* _Exercise objective_:
When you reach the line holding "this 1344×896 image." in the material below, return that line and each one after it, word for word, with the pictures dropped.

* _Provided records_:
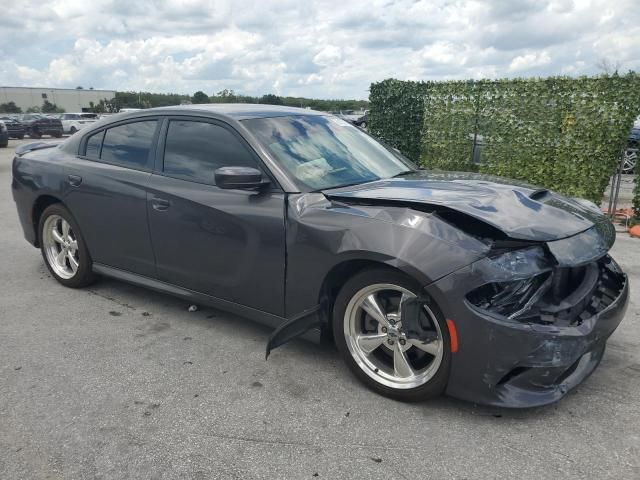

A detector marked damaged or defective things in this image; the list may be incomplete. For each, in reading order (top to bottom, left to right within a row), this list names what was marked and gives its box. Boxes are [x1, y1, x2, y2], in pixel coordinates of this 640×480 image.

crumpled hood [324, 171, 616, 244]
damaged front bumper [428, 255, 628, 408]
damaged front end [430, 227, 632, 406]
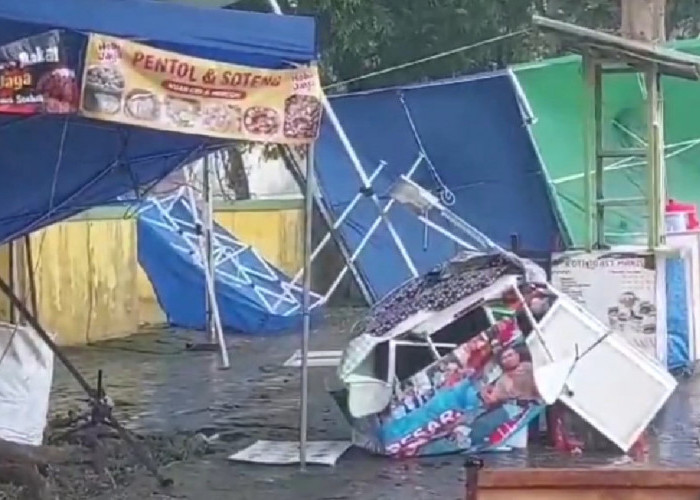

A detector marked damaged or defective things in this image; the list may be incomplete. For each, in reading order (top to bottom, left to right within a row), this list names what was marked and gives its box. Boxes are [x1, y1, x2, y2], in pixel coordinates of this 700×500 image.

broken tent structure [0, 0, 320, 336]
broken tent structure [314, 71, 568, 300]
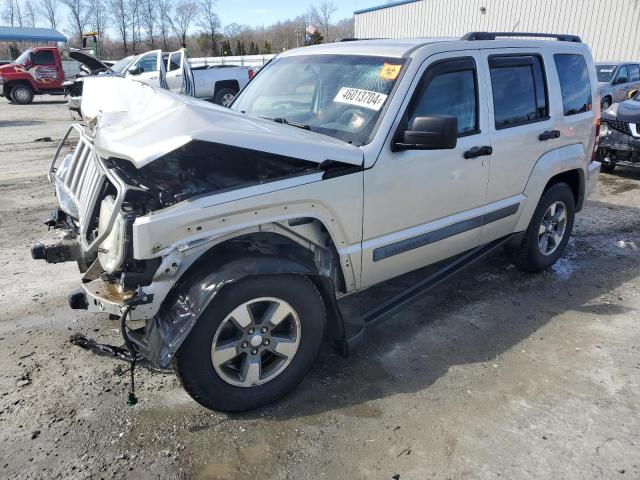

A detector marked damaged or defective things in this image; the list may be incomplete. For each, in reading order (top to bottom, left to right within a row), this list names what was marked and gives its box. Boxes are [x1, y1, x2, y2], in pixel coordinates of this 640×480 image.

crumpled hood [81, 76, 364, 169]
crumpled hood [600, 98, 640, 122]
broken headlight [96, 195, 125, 274]
damaged silver jeep liberty [35, 32, 604, 412]
torn plastic fender liner [146, 233, 344, 368]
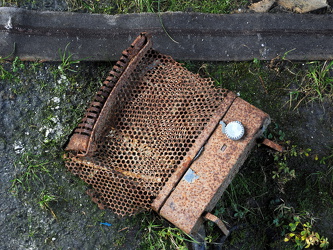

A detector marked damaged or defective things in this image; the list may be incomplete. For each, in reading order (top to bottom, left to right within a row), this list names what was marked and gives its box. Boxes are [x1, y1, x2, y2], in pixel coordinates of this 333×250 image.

rusted metal panel [0, 7, 332, 61]
rusty metal object [63, 32, 276, 235]
orange rust texture [158, 97, 270, 234]
rusted metal panel [158, 97, 270, 234]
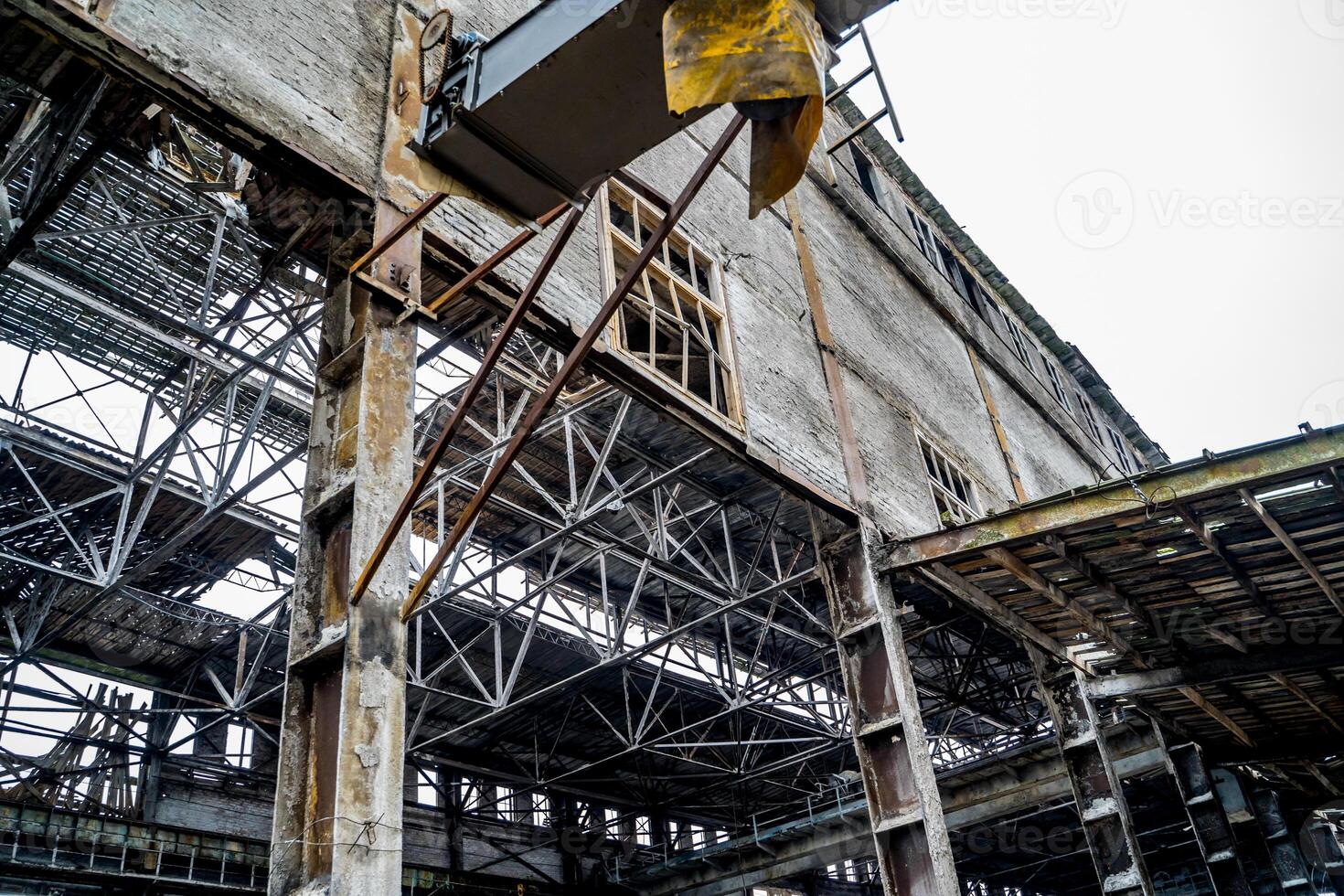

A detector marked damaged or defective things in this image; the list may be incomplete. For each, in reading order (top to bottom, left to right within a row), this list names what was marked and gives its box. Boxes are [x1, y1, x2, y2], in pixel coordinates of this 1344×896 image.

yellow rusted metal sheet [661, 0, 827, 218]
rusted steel bracket [349, 199, 591, 607]
rusty steel beam [352, 202, 588, 607]
rusted steel bracket [398, 113, 752, 623]
rusty metal pipe [403, 115, 752, 623]
rusty steel beam [398, 113, 758, 623]
broken window frame [602, 181, 747, 427]
broken window frame [913, 432, 978, 528]
rusty steel beam [881, 427, 1344, 567]
rusty steel beam [811, 518, 962, 896]
rusty steel beam [1027, 645, 1156, 896]
rusty steel beam [1156, 731, 1257, 896]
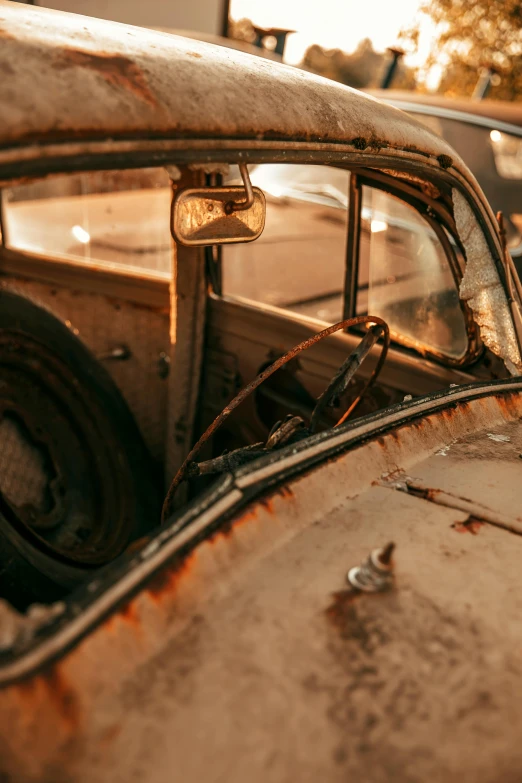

* _Result for this exercise_:
A detector marked damaged or defective things in this image; the list may be incomplete. For each, in reading order (top to bottom, left to right within a row), this list names what was marked and gives its box. Boxes are [x1, y1, x2, y2], in pixel coordinates of this 1344×896 image.

yellow rusted metal sheet [661, 0, 827, 218]
rusted steel bracket [349, 199, 591, 607]
rusty steel beam [352, 202, 588, 607]
rusted steel bracket [398, 113, 752, 623]
rusty metal pipe [403, 115, 752, 623]
rusty steel beam [398, 113, 758, 623]
broken window frame [602, 181, 747, 427]
broken window frame [913, 432, 978, 528]
rusty steel beam [881, 427, 1344, 567]
rusty steel beam [811, 518, 962, 896]
rusty steel beam [1027, 645, 1156, 896]
rusty steel beam [1156, 731, 1257, 896]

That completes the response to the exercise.